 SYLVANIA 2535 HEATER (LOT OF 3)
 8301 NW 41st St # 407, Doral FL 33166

──────────

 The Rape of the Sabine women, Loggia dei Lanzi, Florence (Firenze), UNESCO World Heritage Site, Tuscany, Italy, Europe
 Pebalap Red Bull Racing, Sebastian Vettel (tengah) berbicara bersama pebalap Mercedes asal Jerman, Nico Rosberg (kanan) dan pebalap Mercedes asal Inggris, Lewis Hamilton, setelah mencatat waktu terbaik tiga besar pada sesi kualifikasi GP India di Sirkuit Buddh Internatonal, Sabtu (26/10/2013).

──────────

Your assignment. Output only an exact transcription of the lines above from the one with "SYLVANIA 2535 HEATER (LOT OF 3)" up to and including the one with "8301 NW 41st St # 407, Doral FL 33166".

Exercise result.
 SYLVANIA 2535 HEATER (LOT OF 3)
 8301 NW 41st St # 407, Doral FL 33166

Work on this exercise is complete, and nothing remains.